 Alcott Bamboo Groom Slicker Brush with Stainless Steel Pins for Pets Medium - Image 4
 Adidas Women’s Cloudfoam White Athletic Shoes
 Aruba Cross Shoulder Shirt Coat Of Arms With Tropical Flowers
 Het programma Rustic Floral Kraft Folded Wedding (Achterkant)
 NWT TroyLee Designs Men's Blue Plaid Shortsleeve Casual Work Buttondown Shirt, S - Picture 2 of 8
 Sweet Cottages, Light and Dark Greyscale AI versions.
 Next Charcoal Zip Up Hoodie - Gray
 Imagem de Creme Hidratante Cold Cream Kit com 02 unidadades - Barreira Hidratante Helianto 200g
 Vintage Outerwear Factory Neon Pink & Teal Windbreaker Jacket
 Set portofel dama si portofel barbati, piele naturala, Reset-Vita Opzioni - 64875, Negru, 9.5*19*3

* * *

Everything in the material above from the line that has "Aruba Cross Shoulder" through the line that has "Next Charcoal Zip Up Hoodie - Gray" must be duplicated exactly, with no other lines given.

#### TASK ANSWER:
 Aruba Cross Shoulder Shirt Coat Of Arms With Tropical Flowers
 Het programma Rustic Floral Kraft Folded Wedding (Achterkant)
 NWT TroyLee Designs Men's Blue Plaid Shortsleeve Casual Work Buttondown Shirt, S - Picture 2 of 8
 Sweet Cottages, Light and Dark Greyscale AI versions.
 Next Charcoal Zip Up Hoodie - Gray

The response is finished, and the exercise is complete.